Pendirian dan perkembangan

Pada 1 November 1923, Rahmah membuka Madrasah Diniyah Li al-Banat sebagai bagian dari Diniyah School yang dikhususkan untuk murid-murid putri. Rahmah mengatur kegiatan belajar mengajar di masjid yang terletak berseberangan dengan rumah kediamannya di Jalan Lubuk Mata Kucing (sekarang Jalan Abdul Hamid Hakim), Pasar Usang, Padangpanjang. Dua teman Rahmah, Sitti Nansiah dan Djawana Basyir termasuk guru terawal, sementara Rahmah merangkap sebagai guru dan pimpinan.[21] Mulanya terdapat 71 orang murid yang kebanyakan adalah ibu-ibu muda.[12] Pelajaran diberikan selama 2,5 jam meliputi dasar pengetahuan agama, gramatika bahasa Arab, dan ilmu alat.[22] Murid-murid duduk di lantai mengelilingi guru secara berkelompok. Guru-guru memakai buku-buku berbahasa Arab dan menerangkan dengan bahasa Indonesia, sementara ilmu pengetahuan umum belum diajarkan pada tahun pertama. Oleh karena itu, Rahmah mengerahkan murid-muridnya bergabung dengan Persatuan Murid-murid Diniyah School (PMDS) untuk mendapatkan berbagai pengetahuan umum dan mengikuti berbagai kegiatan seperti kepanduan, organisasi, dan koperasi.[23] Dengan hadirnya bagian untuk putri, Diniyah School peninggalan Zainuddin berangsur-angsur hanya dihadiri oleh murid-murid putra, dan Madrasah Diniyah Li al-Banat yang didirikan Rahmah lebih dikenal sebagai Diniyah Putri.[24][25][26]

Ketika Zainuddin meninggal secara mendadak pada 10 Juli 1924,[27] banyak orang menyangka bahwa usaha yang baru dirintis Rahmah akan hilang di tengah jalan, sebagaimana dicatat oleh Isnaniah Saleh.[28] Dalam suatu rapat pengurus Diniyah Putri yang diadakan oleh Rahmah beberapa hari setelah Zainuddin meninggal, majelis guru sepakat untuk meningkatkan sistem pengajaran Diniyah Putri lengkap dengan sarana.[29] Pada 1925, Rahmah menyewa rumah bertingkat dua di Pasar Usang untuk dijadikan ruangan kelas dan asrama Diniyah Putri.
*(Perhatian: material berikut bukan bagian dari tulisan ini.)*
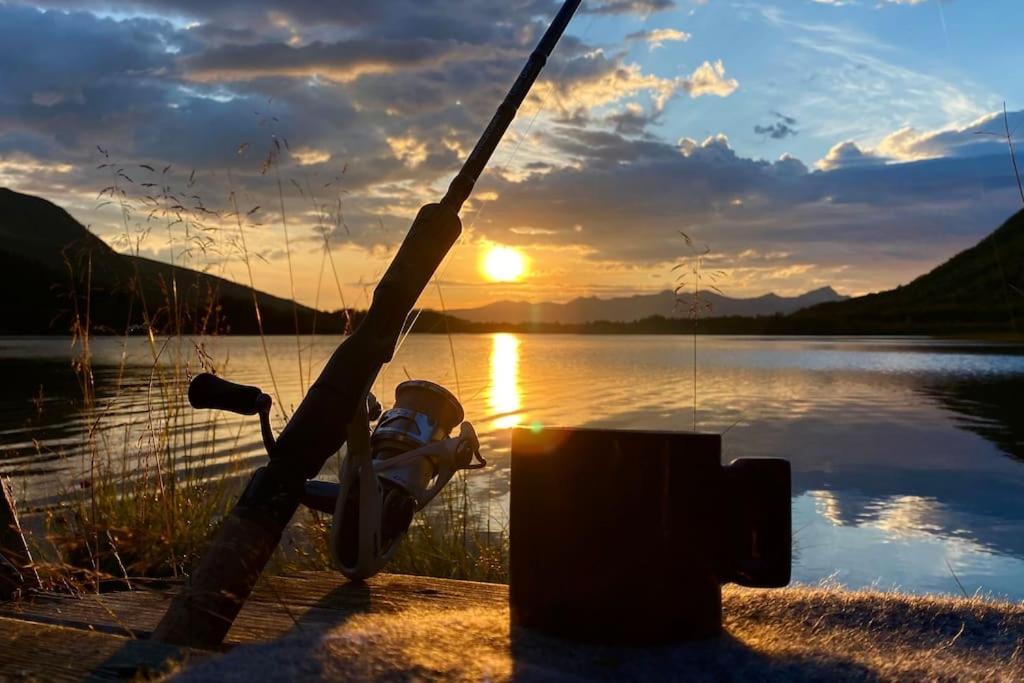 Lofoten And Vesteralen Kveldro Myrland Ngoại thất bức ảnh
Ia mengupayakan sendiri mencari perlengkapan seperti bangku, meja, dan papan tulis. Sedikitnya 60 orang murid menempati asrama pada tahun pertama.[20] Selain Diniyah Putri, Rahmah membuka program pemberantasan buta huruf untuk kalangan ibu-ibu yang lebih tua pada 1926 setelah melihat kebanyakan mereka tak sempat mengenyam pendidikan formal.[12][30][12][31] Kegiatan itu diikuti oleh 125 orang ibu-ibu pada mulanya, tetapi terpaksa dihentikan setelah Diniyah Putri binasa oleh gempa bumi sehingga sekolah itu menuntut perhatian sepenuhnya dari Rahmah.[32]

 
Pada 28 Juni 1926, gempa bumi berkekuatan 7,6 SR mengguncang Padangpanjang, membuat kota itu ditinggalkan

Seiring banyaknya murid Diniyah Putri, Rahmah mengatur pembagian waktu belajar remaja-remaja perempuan pada sore hari dan ibu-ibu rumah tangga pada malam hari.[30] Pada awal 1926, karena kapasitas asrama yang disediakan di tingkat dua gedung tidak mencukupi, pembangunan gedung baru mulai dilakukan seacara gotong royong.[21] Dalam buku Peringatan 55 Tahun Diniyah Putri dicatat, para murid Diniyah Putri bersama-sama pelajar dari Diniyah School dan Thawalib mengangkat batu kali dari sungai yang berjarak 2,5 km dari sekolah mereka untuk membangun pondasi gedung. Namun, gempa bumi berkekuatan 7,6 skala Richter[33] mengguncang Padangpanjang pada 28 Juni 1926, meruntuhkan gedung lama beserta pondasi gedung baru yang dibangun. Nanisah, salah seorang guru, wafat karena tertimpa runtuhan bangunan.[12][25]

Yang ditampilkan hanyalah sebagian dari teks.